What is being asked.
Each record below must be written out exactly as given.

Material provided.
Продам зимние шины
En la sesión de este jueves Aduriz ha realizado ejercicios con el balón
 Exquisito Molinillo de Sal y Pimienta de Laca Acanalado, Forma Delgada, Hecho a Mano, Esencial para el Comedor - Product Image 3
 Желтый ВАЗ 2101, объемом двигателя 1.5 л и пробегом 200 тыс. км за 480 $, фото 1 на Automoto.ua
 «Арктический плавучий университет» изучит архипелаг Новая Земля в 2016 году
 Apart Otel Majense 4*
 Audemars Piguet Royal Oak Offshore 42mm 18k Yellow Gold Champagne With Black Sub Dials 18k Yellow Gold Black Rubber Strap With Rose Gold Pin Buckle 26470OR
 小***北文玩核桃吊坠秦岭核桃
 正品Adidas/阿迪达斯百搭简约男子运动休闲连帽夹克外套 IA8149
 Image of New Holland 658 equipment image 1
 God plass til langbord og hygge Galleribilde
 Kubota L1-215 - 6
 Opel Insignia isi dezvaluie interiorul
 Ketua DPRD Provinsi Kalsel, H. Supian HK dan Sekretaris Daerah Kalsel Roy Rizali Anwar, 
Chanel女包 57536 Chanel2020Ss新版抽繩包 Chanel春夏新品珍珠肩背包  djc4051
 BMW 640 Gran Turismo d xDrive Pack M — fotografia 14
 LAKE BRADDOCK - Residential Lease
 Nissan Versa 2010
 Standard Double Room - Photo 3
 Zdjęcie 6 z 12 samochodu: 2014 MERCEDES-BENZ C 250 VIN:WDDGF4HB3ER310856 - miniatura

Result of the task.
Продам зимние шины
En la sesión de este jueves Aduriz ha realizado ejercicios con el balón
 Exquisito Molinillo de Sal y Pimienta de Laca Acanalado, Forma Delgada, Hecho a Mano, Esencial para el Comedor - Product Image 3
 Желтый ВАЗ 2101, объемом двигателя 1.5 л и пробегом 200 тыс. км за 480 $, фото 1 на Automoto.ua
 «Арктический плавучий университет» изучит архипелаг Новая Земля в 2016 году
 Apart Otel Majense 4*
 Audemars Piguet Royal Oak Offshore 42mm 18k Yellow Gold Champagne With Black Sub Dials 18k Yellow Gold Black Rubber Strap With Rose Gold Pin Buckle 26470OR
 小***北文玩核桃吊坠秦岭核桃
 正品Adidas/阿迪达斯百搭简约男子运动休闲连帽夹克外套 IA8149
 Image of New Holland 658 equipment image 1
 God plass til langbord og hygge Galleribilde
 Kubota L1-215 - 6
 Opel Insignia isi dezvaluie interiorul
 Ketua DPRD Provinsi Kalsel, H. Supian HK dan Sekretaris Daerah Kalsel Roy Rizali Anwar, 
Chanel女包 57536 Chanel2020Ss新版抽繩包 Chanel春夏新品珍珠肩背包  djc4051
 BMW 640 Gran Turismo d xDrive Pack M — fotografia 14
 LAKE BRADDOCK - Residential Lease
 Nissan Versa 2010
 Standard Double Room - Photo 3
 Zdjęcie 6 z 12 samochodu: 2014 MERCEDES-BENZ C 250 VIN:WDDGF4HB3ER310856 - miniatura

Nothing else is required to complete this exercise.